De nuevo era verano y de nuevo el sol caía con rabia sobre el pueblo y la gasolinera. «Eva María se fue buscando el sol en la playa. como si el sol no pegara aquí de lo lindo», decían los malasangres. Con el paso de los meses las cartas se fueron espaciando hasta que finalmente dejaron de llegar. Medio año hacía de la última.

Aquella mañana, como todas, Benito se levantó a las siete menos cuarto. Sin hacer ruido se metió en la ducha y sin hacer ruido despertó a la madre y cogió su peso muerto para ponerla sobre la silla de ruedas. Luego la llevó al baño para lavarla, vestirla y peinarla. La embolia le había arrebatado el habla y toda movilidad pero le había dejado el mal genio intacto. Ante la menor desavenencia le regañaba al hijo con terroríficos aullidos que Benito soportaba con estoica serenidad. No le tembló el pulso mientras le introducía, una a una, las cucharadas de pan migado con café.

A las ocho menos cuarto, como cada día, Benito pulsó el timbre de la casa contigua. «Aquí te la dejo, Mari», le dijo a la vecina. Besó a su madre en la frente y se dilató en el beso un segundo más de lo acostumbrado.

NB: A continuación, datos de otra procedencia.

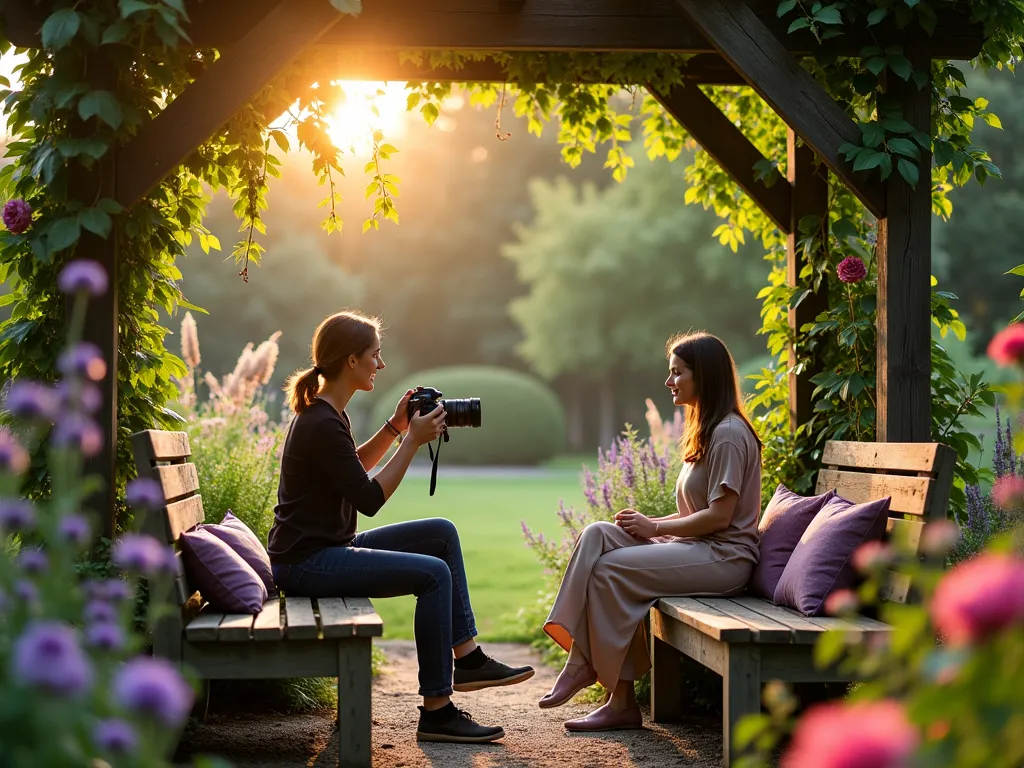 Garden Photography Workshop in Morning Light - A serene garden scene at golden hour, where a professional photographer is teaching a small group how to capture macro shots of dewdrops on rose petals. The photographer is positioned in a manicured backyard garden, demonstrating with a professional camera while students gather around. The garden features a stunning array of blooming flowers including David Austin roses, purple coneflowers, and lavender. Morning light streams through a wooden pergola covered in climbing clematis, creating beautiful light patterns. A weathered wooden bench with vintage cushions sits nearby, while a rustic garden table displays various camera equipment. The background shows a mix of ornamental grasses catching the early light, with bokeh effects visible through the lens display being demonstrated. Shot with shallow depth of field, highlighting the teaching moment while maintaining the dreamy garden atmosphere.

Aspiró con fuerza el olor de la madre. «No tengas prisa en recogerla», le dijo la vecina, «me ha dicho mi marido que hoy ponen fútbol por la tele. si cuando acabes en la gasolinera quieres ir al bar. por mí no hay problema». Benito sonrió y bajó la cabeza en un gesto de agradecimiento.

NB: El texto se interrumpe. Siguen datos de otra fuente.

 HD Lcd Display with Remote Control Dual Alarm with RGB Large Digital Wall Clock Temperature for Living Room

A las doce y media la gasolinera estaba tranquila. Apenas tres o cuatro coches habían repostado en toda la mañana. Las doce y media. Miró la lejanía del horizonte y advirtió una lejanísima nube de polvo. Se levantó de la silla despacio, abrió la caja registradora y se metió en el bolsillo un puñado de billetes verdes. Volvió a otear el horizonte. Entre la nube de polvo se adivinaba la presencia metálica del autobús. Con paso lento se acercó hasta la orilla de la carretera. El sol empezaba a quemarlo todo. Levantó el brazo y el autobús se detuvo a menos de un metro. Intercambió un par de frases con el conductor y buscó un asiento en la parte trasera. Miró por la ventana. La gasolinera se alejaba poco a poco. Una sonrisa melancólica le ladeó los labios. En la puerta había dejado un cartel donde podía leerse «vuelvo en cinco minutos».